Hello, I have been in the field for 2 years. I have worked for a local company here in Tennessee that did safeguard and MCS. They went out of business. Since then I worked for cut above and seas. Also checked in with altisource, aim, msi, cyprex, and loudan. It's just seems like there is no way to make any money in this business anymore. I have heard safeguard is paying 20 per cut. Who are the people out there working for free?? If all contractors would band together they would have to pay more. Also it seems that Mcs is the only company that pays fair but they give all the work to companies like cut above and seas and by the time the work gets to the contractor there is no profit left. Please let me know if anyone knows of any good companies that pay fair and treat the contractor fairly. Thanks.


----------



## Ct Property Preservation (Aug 2, 2014)

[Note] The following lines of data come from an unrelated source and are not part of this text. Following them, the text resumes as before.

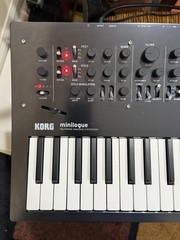 Korg Minilogue PG Limited Edition 4-Voice Polyphonic Analog Synthesizer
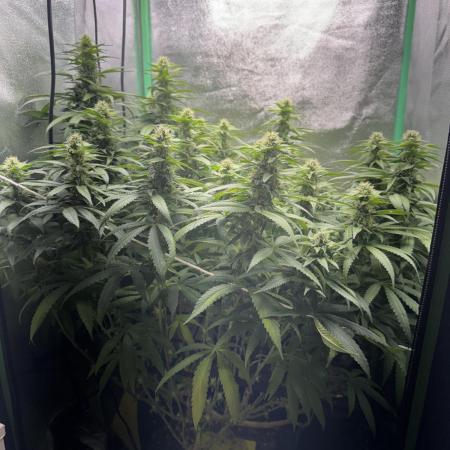 Mimosa Monster Cropping SCROG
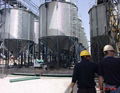 Galvanized Feed Silo 1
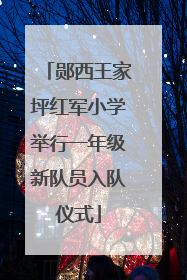 郧西王家坪红军小学举行一年级新队员入队仪式
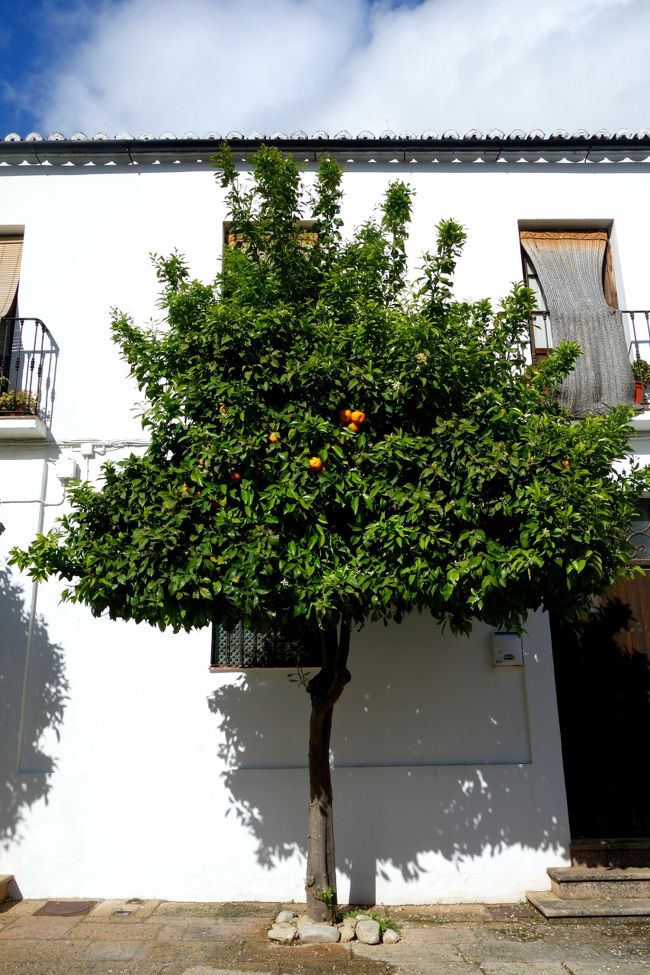 先ほどのミカンの木の所へ戻ってきました。さぁ、どっちへ行く？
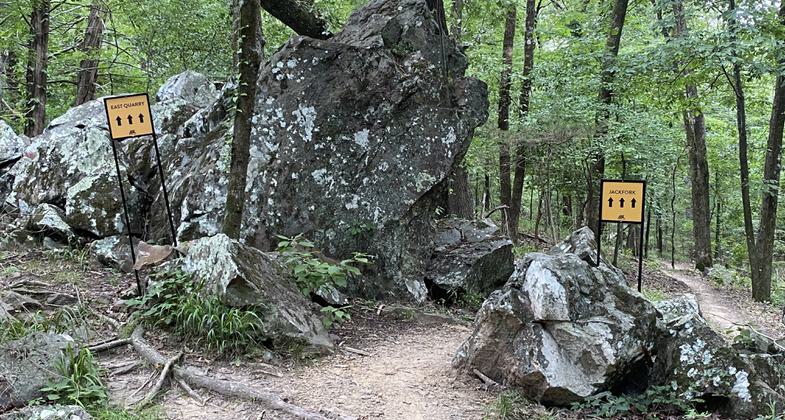East Quarry trail fork. Photo by Elizabeth J. Walters.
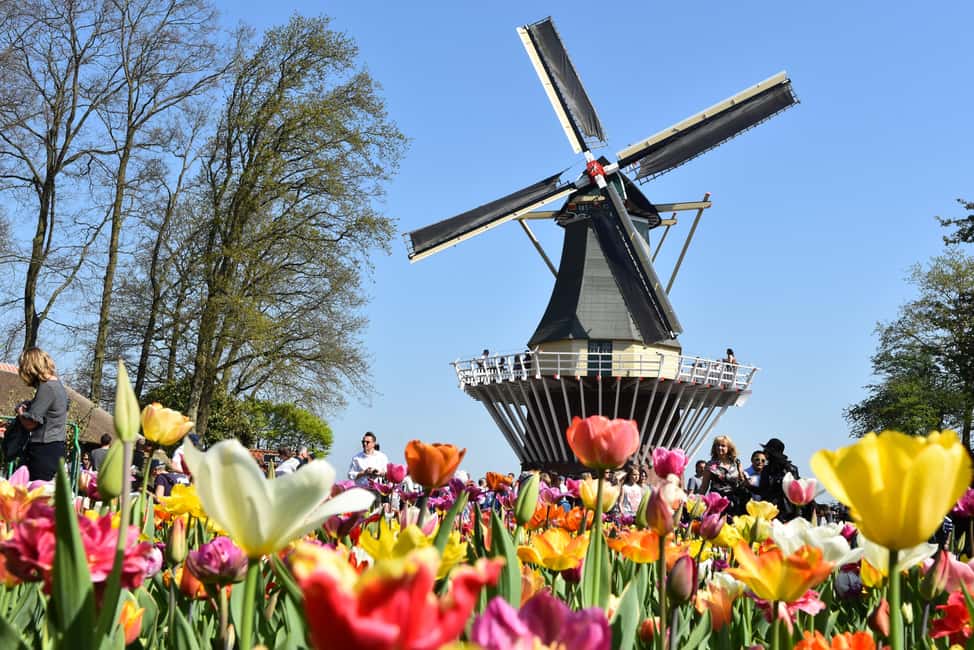 Brussels: Holland Keukenhof & Kinderdijk Guided Day Tour - Price and value: what $192 buys you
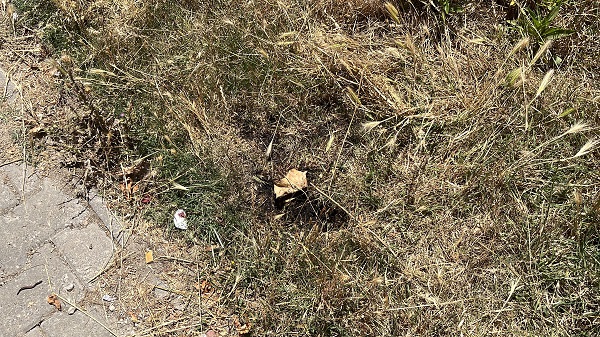 Bolu'da az daha facia yaşanacaktı!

I am here in Florida and the company that used to float me the majority of my work lost their contract with them at the start of the year. We have been dead in the water for a bit. We are just trying to make it like you. Hell, I have even thought about jumping back in a semi for a while. If you hear something let me know as well.


----------



## Kcg131313 (Mar 25, 2015)

I have been crazy slow for 3 months now. And the work I get is basically zero profit. I know the work is there it's just getting spread out too thin. Too many vendors willing to work dirt cheap.


----------



## Ct Property Preservation (Aug 2, 2014)

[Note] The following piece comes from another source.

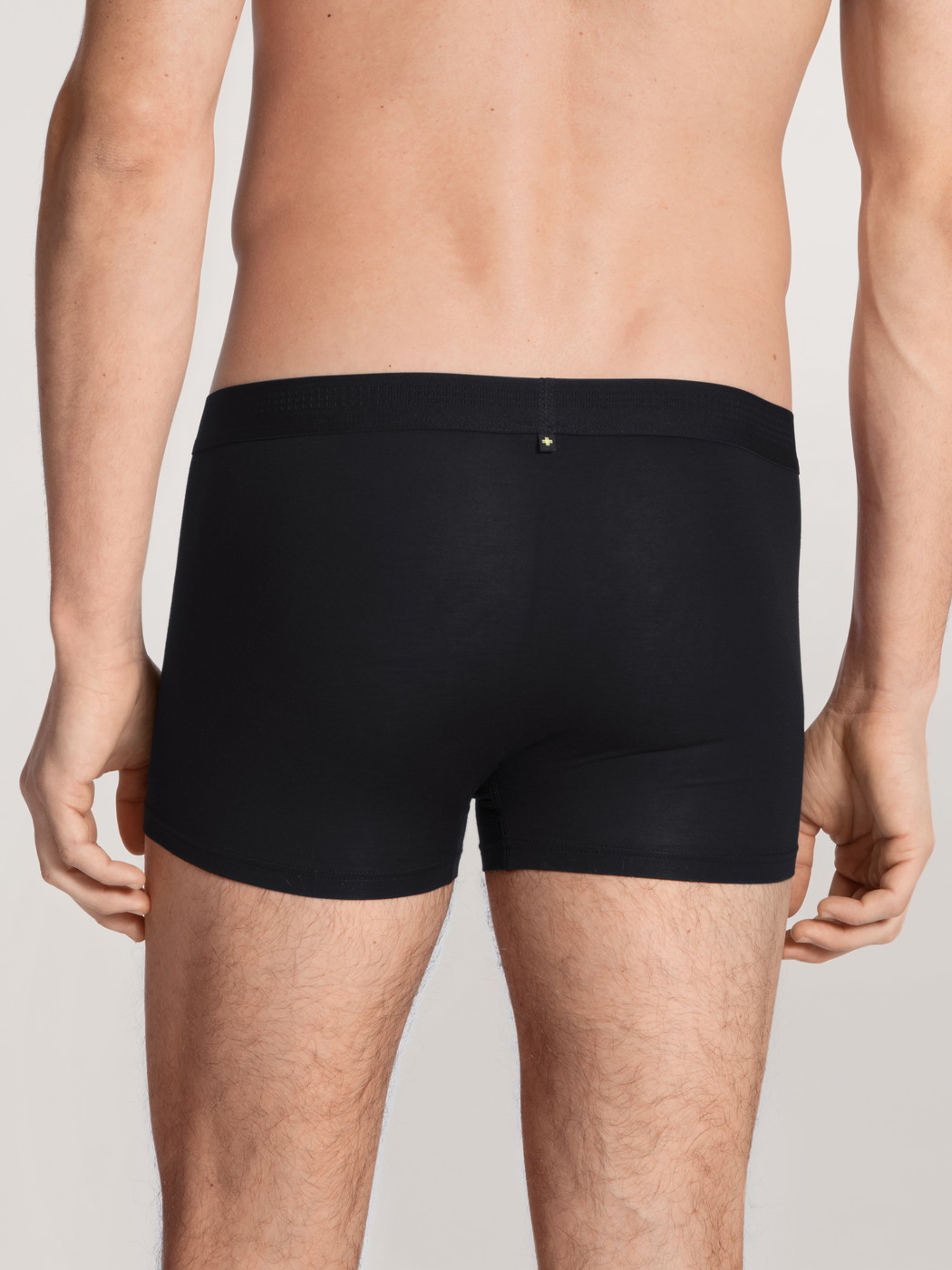 Herren-Model trägt Boxer Brief mit Softbund aus Lyocell in Schwarz, Einfarbig aus Serie Focus von CALIDA, Rückansicht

I feel you on that. We worked for a company for a month or so that will remain nameless as we have a confidentiality clause, even after resignation, that kept ripping us off. We won't even start out vehicles now unless if it profitable. I know there is work here as well, we have applied with a couple of the regular players directly but refuse to work for SG, Cyprexx etc. Our business model is not conducive to theirs. We do not do flat rates, 20 cuts etc. I can give emotional support but otherwise I am lost as well. SG wanted us to take on 90 or so properties but we just don't click. I am not for getting raped like that.


----------



## Kcg131313 (Mar 25, 2015)

As far as I can tell the only company that pays good enough is Mcs and the only way to work for them is through a middle man company. They have 5 or 6 preferred companies that get all the work and pass it out to a constantly revolving door of crappy contractors. I think my days in this business are numbered unless I get on directly with Mcs. But that's hard to do when they have vendors from Oklahoma and all kinds of states that aren't close to me. I think they should have to hire companies based in the state where the work is being done.


----------



## Ct Property Preservation (Aug 2, 2014)

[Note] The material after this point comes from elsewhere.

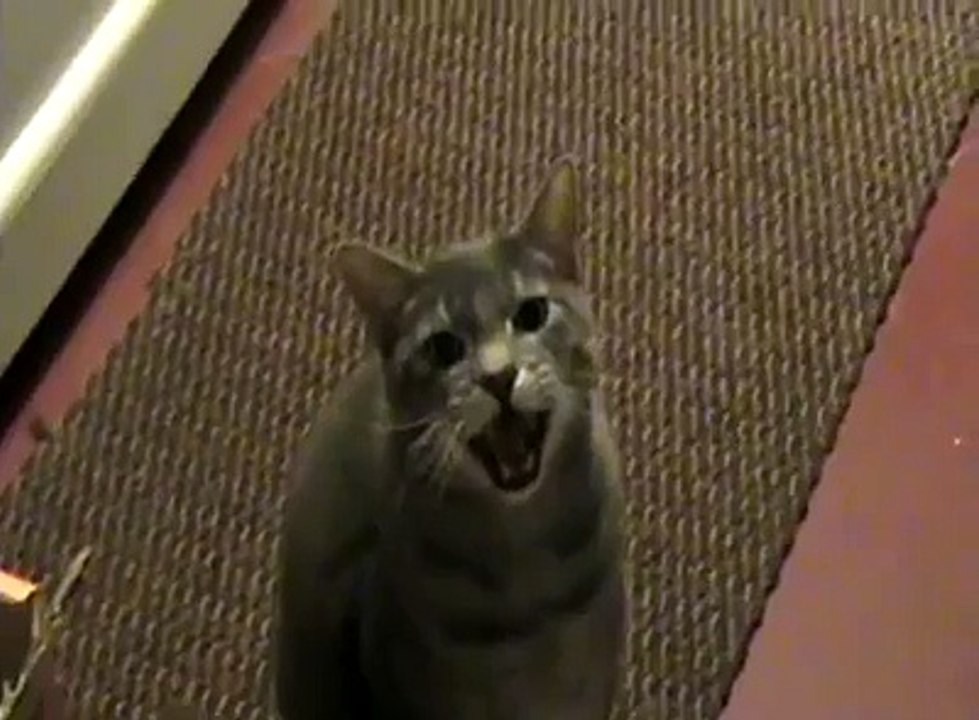 Hey cat. Hey.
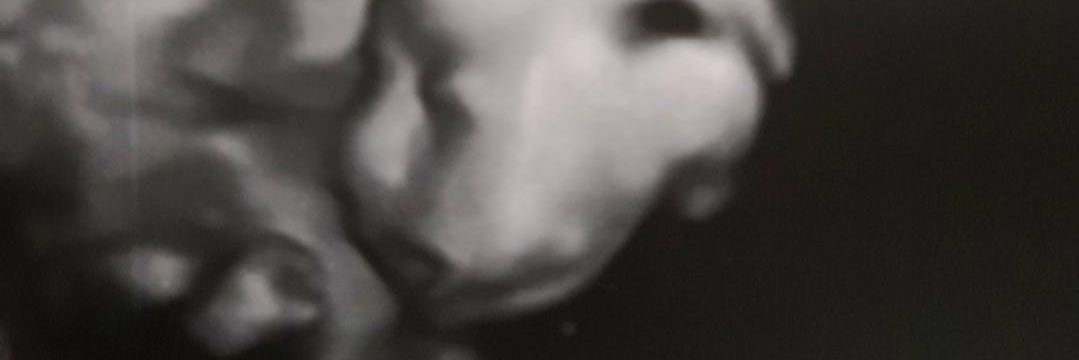 Mara_Salinas's profile banner image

I agree but that it the nature or the business sometimes. I have a realtor I work with directly but it is hit and miss


----------



## GTX63 (Apr 12, 2012)

Ct Property Preservation said:


> I agree but that it the nature of the third party middle man paper contractor in a suite business sometimes. I have a realtor I work with directly but it is hit and miss


Fixed it for you.

I didn't realize outside of my fifedom that it was more difficult to work for one's self than for the above.


----------



## JDRM (Apr 16, 2012)

Good luck all! Florida is very saturated with contractors, and MCS requires statewide coverage last I heard, which is why they ue these companies that are willing to cover the whole state.


----------



## Ct Property Preservation (Aug 2, 2014)

It is bound to get better I am sure.


----------



## PropPresPro (Apr 12, 2012)

Ct Property Preservation said:


> It is bound to get better I am sure.


If I had a nickle for every time those exact words have been mumbled. . .:sad:


----------



## Ct Property Preservation (Aug 2, 2014)

lol :thumbsup:


----------



## BPWY (Apr 12, 2012)

This thread is exactly why I've screamed DIVERSIFY outside of P&P for years. 


If one is going to be in P&P long term you are going to have to have other revenue streams outside of P&P. It seems unavoidable that P&P runs in cycles. 
Some down turns are longer than others.


----------



## Craigslist Hack (Jun 14, 2012)

GTX63 said:


> Fixed it for you.
> 
> I didn't realize outside of my fifedom that it was more difficult to work for one's self than for the above.


There are a few questions one should ask themselves before getting into business with certain companies. By getting into business I mostly mean letting them owe you money.



If they are such a great company why do they need contractors?
if a national is a good national why has an order mill not taken every work order they can produce? The order mills know who the best companies are and that is who they want to work for.
What happened to the last guy who covered this area for this company?


----------



## david (Apr 11, 2012)

*Hi*

mcs will hire vendors direct and you do not need to cover a whole state,they problaby already have a contractor or company for your coverage area...i just received application from them yesterday,and i know lots of companies in my state that does some of their work.


----------